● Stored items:
*** Block opens ***

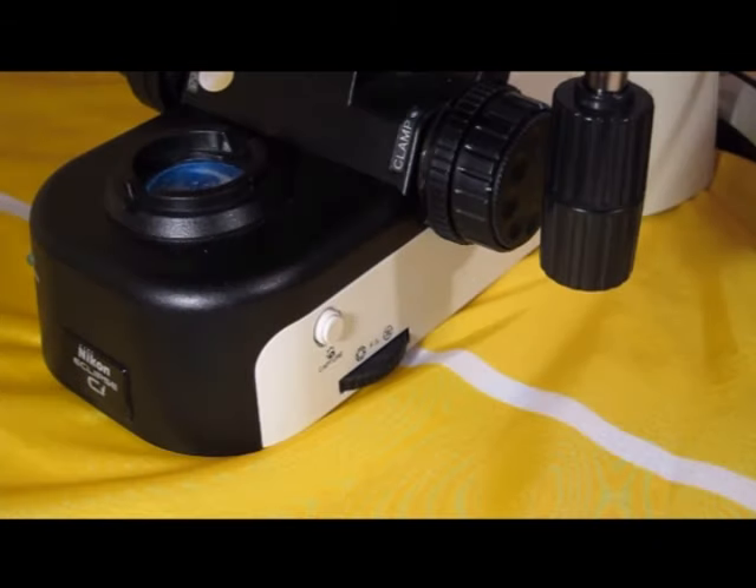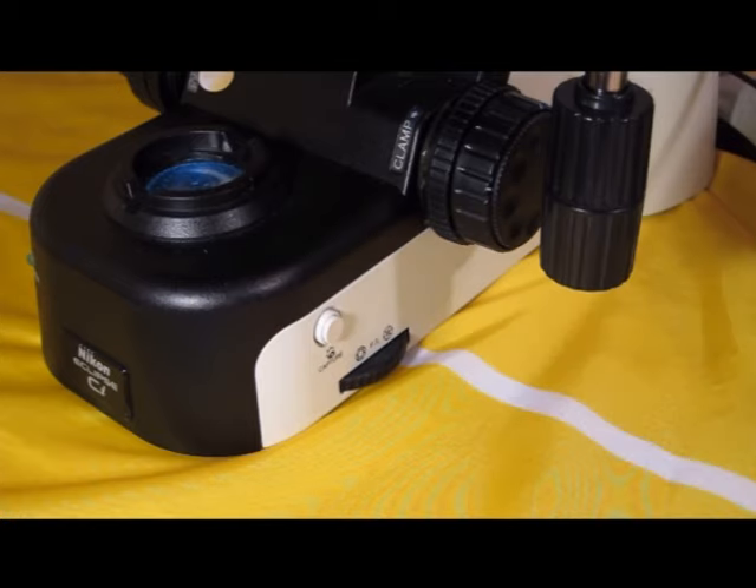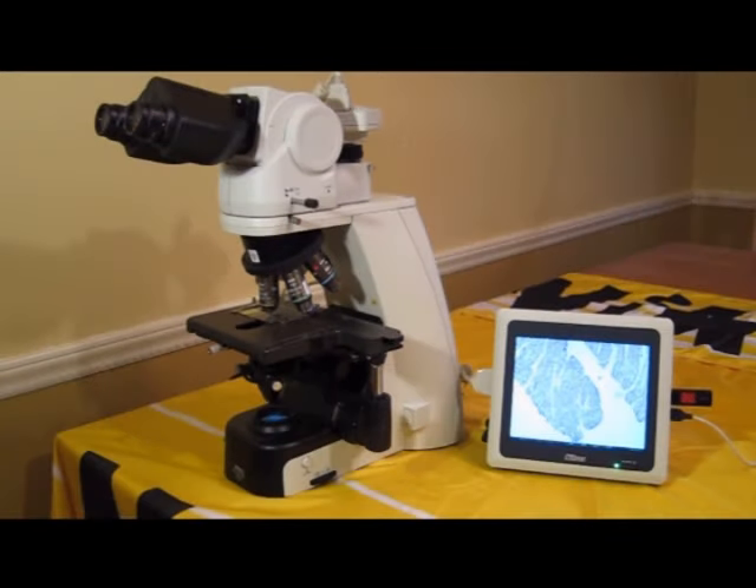For a smoother workflow, you can take advantage of the conveniently located capture button on the CIL microscope. I hope this brief overview of the Nikon DS-FI2 camera and DS-L3 controller was helpful. Next time, we'll explore more features of the L3, such as the dual window, measurements, and annotations.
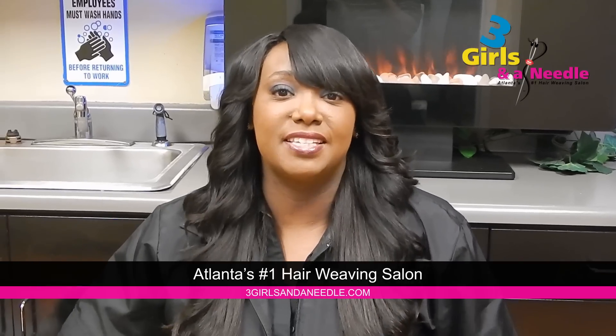Tammy Galloway with Three Girls and a Needle, Atlanta's number one hair weaving salon. Another question that we get a lot is: what is the net for? Why would I need a net applied to my hair? A net can be for many different reasons.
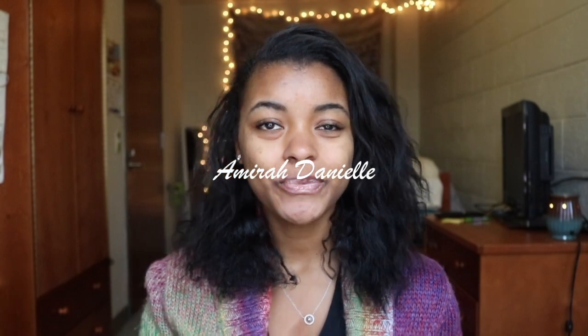Hey everybody, welcome back to my channel. Today's video is going to be a tutorial on how I straighten my hair. As you can see, it is kind of crinkly right now — it's a week old. I haven't done it since last Sunday. So last Sunday I washed it, blow dried it, and straightened it, and that's what I'm going to be showing you guys how to do today. Let me know if you want to see how I get my hair like this — it's usually a little bit bigger because I do it a different way.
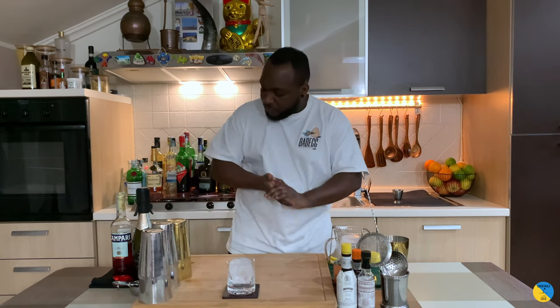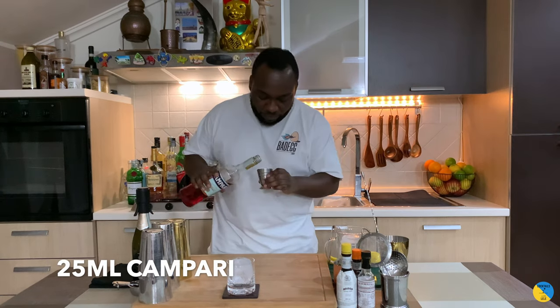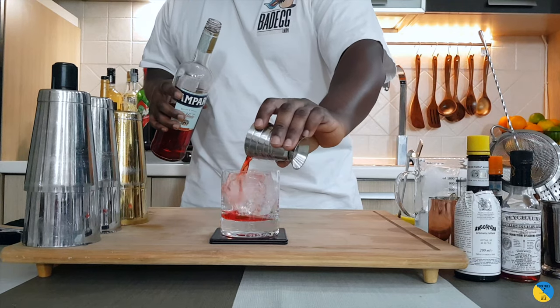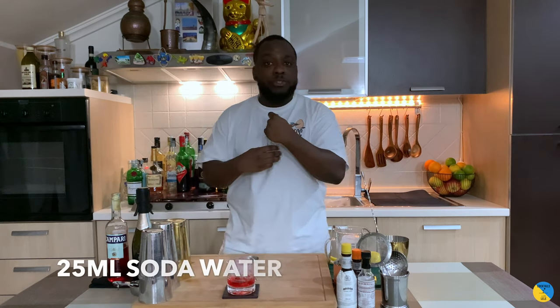On ice block, we're going to start with Campari — it'll be 25ml. I'm going to add 25ml of soda water.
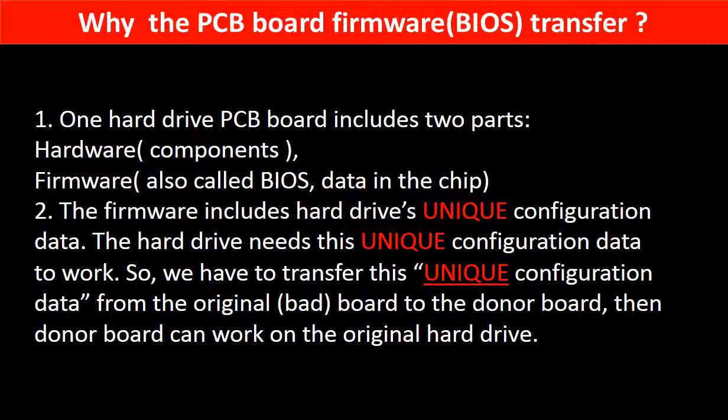The PCB board firmware includes the hard drive's unique configuration data, and the hard drive needs this unique configuration data to work. So we have to transfer this unique configuration data from the original board to the donor board, so the donor board can work on the original hard drive.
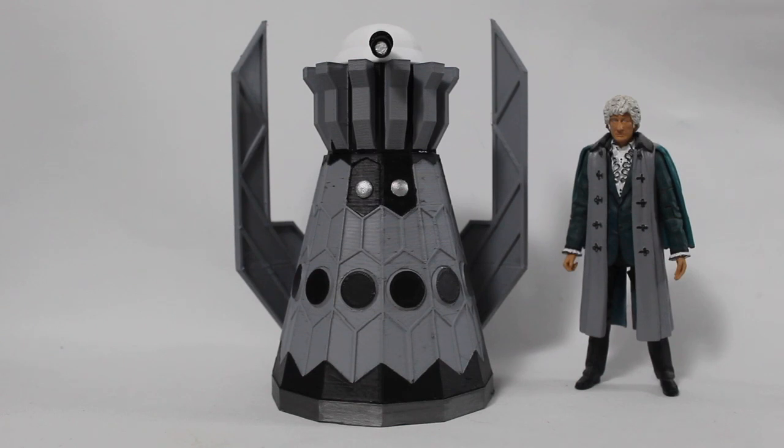Hello everyone and welcome to another custom figure showcase. Today we are looking at a new 3D printed custom — this is the Third Doctor and Emperor Dalek from the stage play The Ultimate Adventure, which I have made for no real reason — enough said.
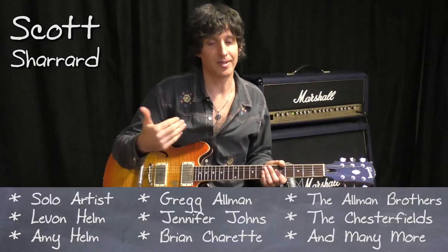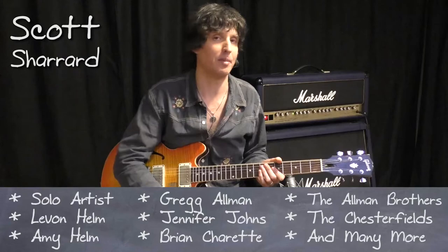B.B. King, as he developed his style more and more and developed his own voice, ended up spending a lot of time in one key position.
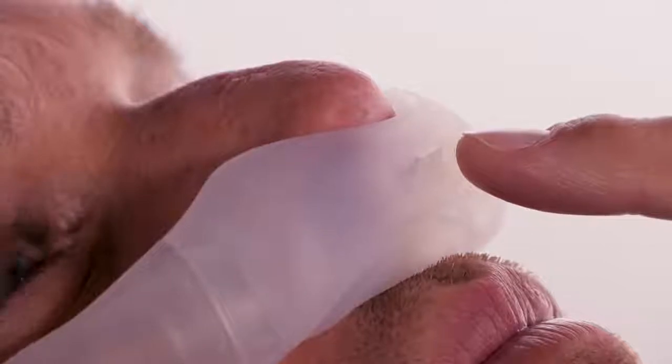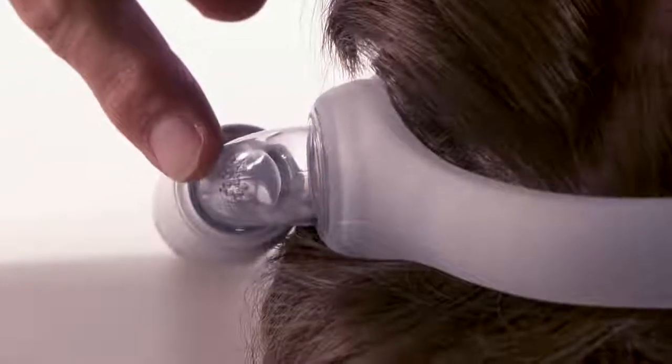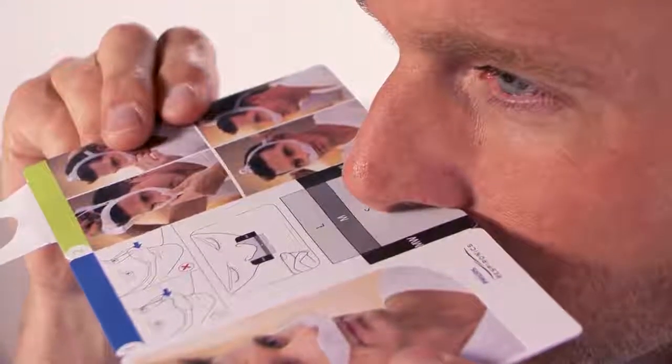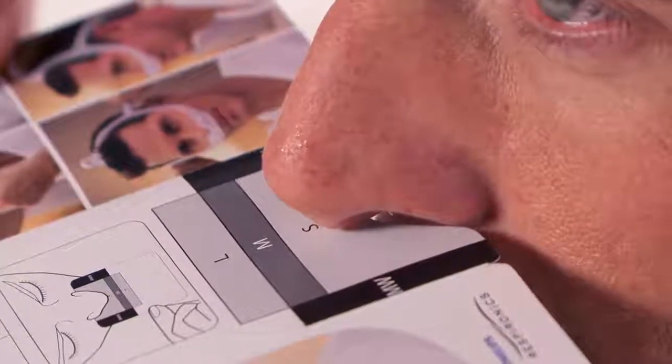You should feel air escaping from the exhalation ports, which must be left open to prevent re-breathing. Never over-tighten the headgear. If too much air is escaping, try another cushion or frame size.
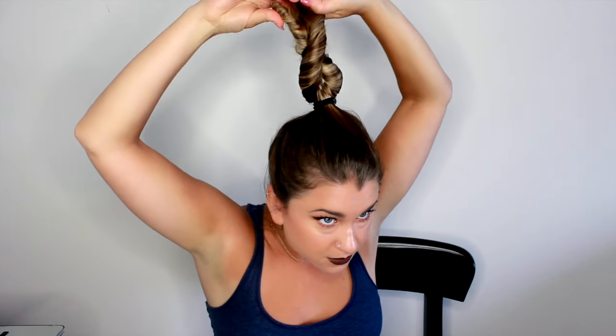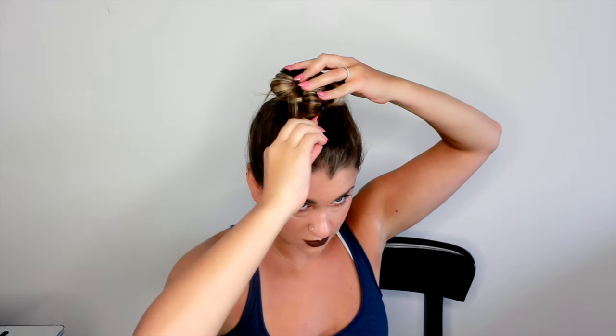Maybe I need to twist them together a little bit more, and then wrap it. Okay, can we work with this? It's not really looking like the picture, but I don't hate it. I really actually don't. I think I messed up somewhere with the twisting and the combining, but I really did want to show if this is actually something that was doable. Maybe it's just because my hair is a lot longer than the model's. Maybe we'll try one more time — I'm gonna watch it, and we're gonna try one more time to see if we can get something that more closely resembles this.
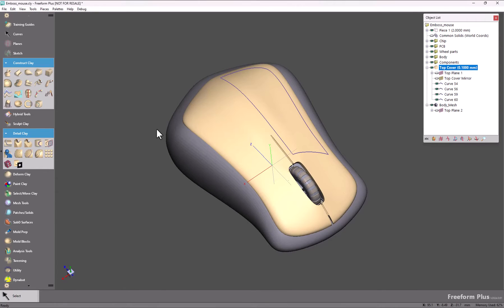In this video we're going to take a look at Emboss with Wrapped Image and some of the new enhancements that have been made for this release.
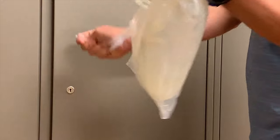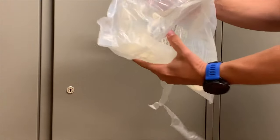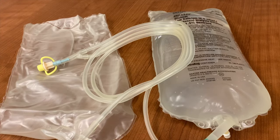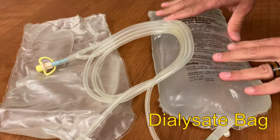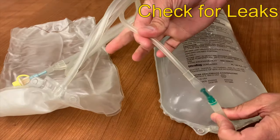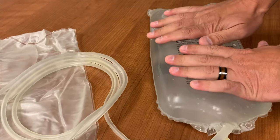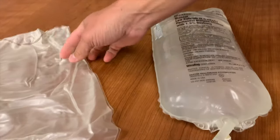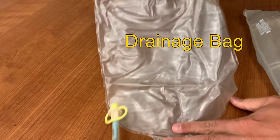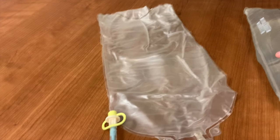Now you can open the UltraBag system. You'll notice that it includes more than just the bag of dialysate — there's also a drainage bag, and all of the tubing is already attached. Now we need to inspect the integrity of the system. Begin with the dialysate bag: squeeze it and check for any leaks. Look in the tubing to make sure that no fluid has entered the tubing, and check around the outside of the bag for any leaking fluid. Now check the empty bag, known as the drainage bag. There should be no fluid inside of this bag. You'll also notice that there's a shiny side and a matte side — this will be important later.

*** Block closes ***

● Problem details:
Please print the lines above word for word, starting at the one with "B.B. King, as" and ending at the one with "You should feel", both included, and without any picture.

● Finished exercise:
B.B. King, as he developed his style more and more and developed his own voice, ended up spending a lot of time in one key position.
You should feel air escaping from the exhalation ports, which must be left open to prevent re-breathing. Never over-tighten the headgear. If too much air is escaping, try another cushion or frame size.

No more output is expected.